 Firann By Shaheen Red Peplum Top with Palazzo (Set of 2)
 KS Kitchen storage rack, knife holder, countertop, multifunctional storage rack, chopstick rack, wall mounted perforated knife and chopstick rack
...
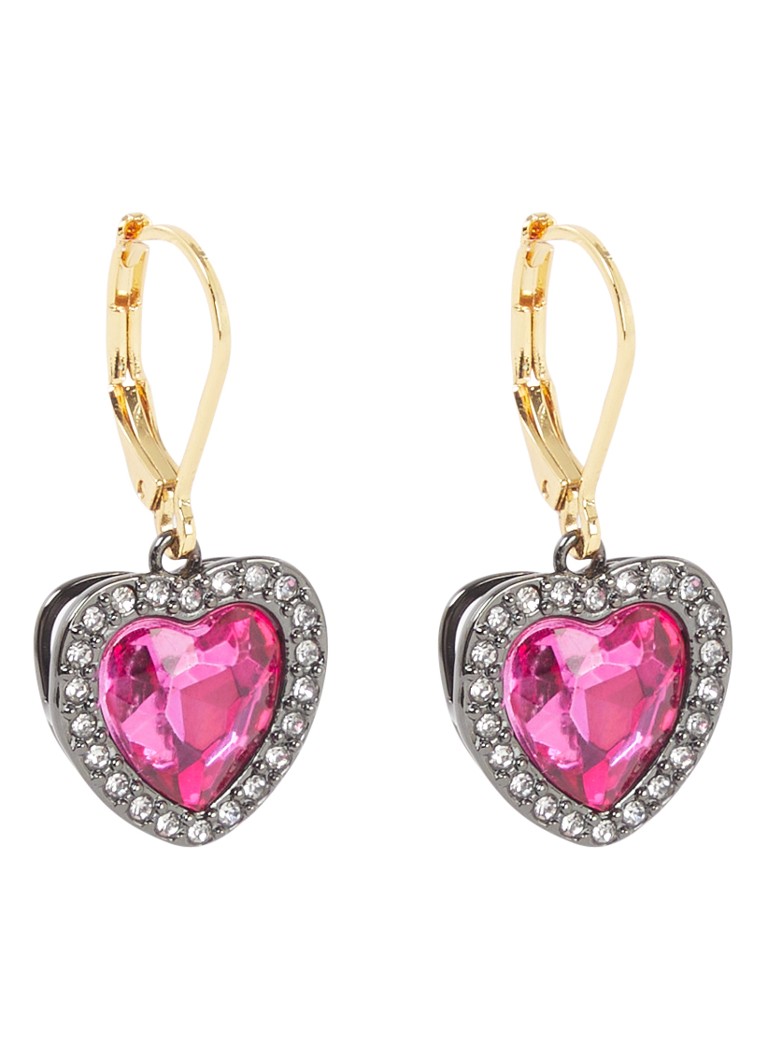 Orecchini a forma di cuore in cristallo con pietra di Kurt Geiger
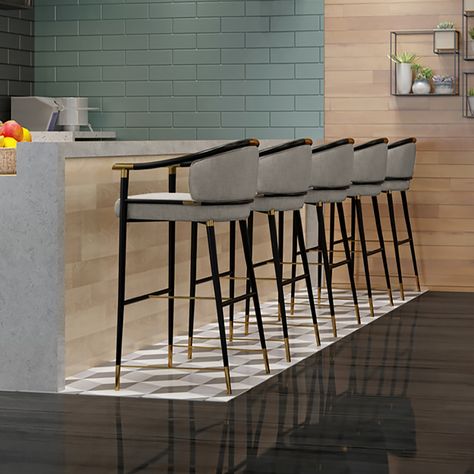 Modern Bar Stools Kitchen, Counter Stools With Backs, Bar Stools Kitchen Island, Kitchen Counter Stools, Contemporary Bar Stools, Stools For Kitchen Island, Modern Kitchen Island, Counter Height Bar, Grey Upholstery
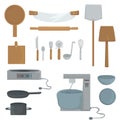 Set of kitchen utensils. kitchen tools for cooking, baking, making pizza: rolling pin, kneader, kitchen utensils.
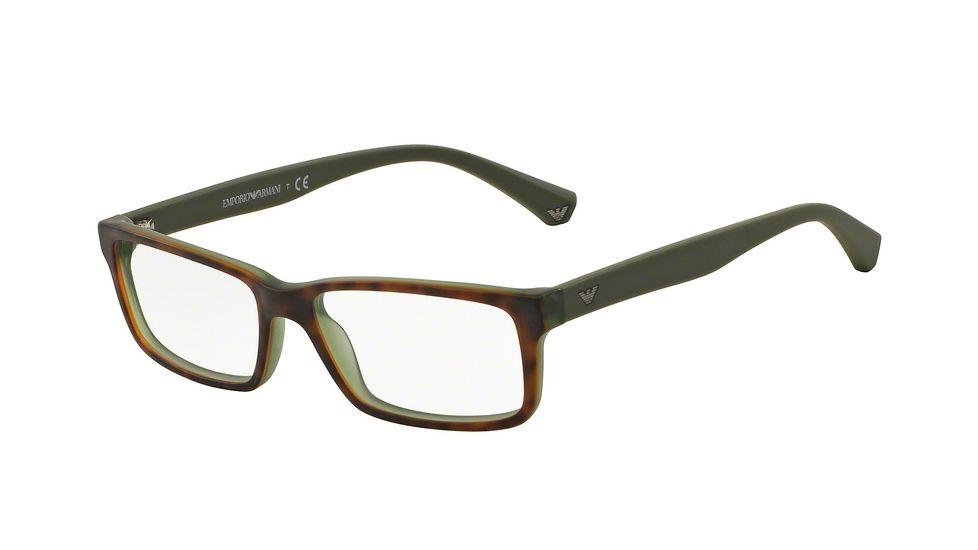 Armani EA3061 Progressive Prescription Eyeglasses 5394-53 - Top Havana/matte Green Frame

:: Work to complete ::
The lines above starting at the one that holds "Modern Bar Stools" and ending at the one that holds "Armani EA3061 Progressive" are to be written out exactly, ends included, and no pictures are to be copied.

:: Response to this task ::
 Modern Bar Stools Kitchen, Counter Stools With Backs, Bar Stools Kitchen Island, Kitchen Counter Stools, Contemporary Bar Stools, Stools For Kitchen Island, Modern Kitchen Island, Counter Height Bar, Grey Upholstery
 Set of kitchen utensils. kitchen tools for cooking, baking, making pizza: rolling pin, kneader, kitchen utensils.
 Armani EA3061 Progressive Prescription Eyeglasses 5394-53 - Top Havana/matte Green Frame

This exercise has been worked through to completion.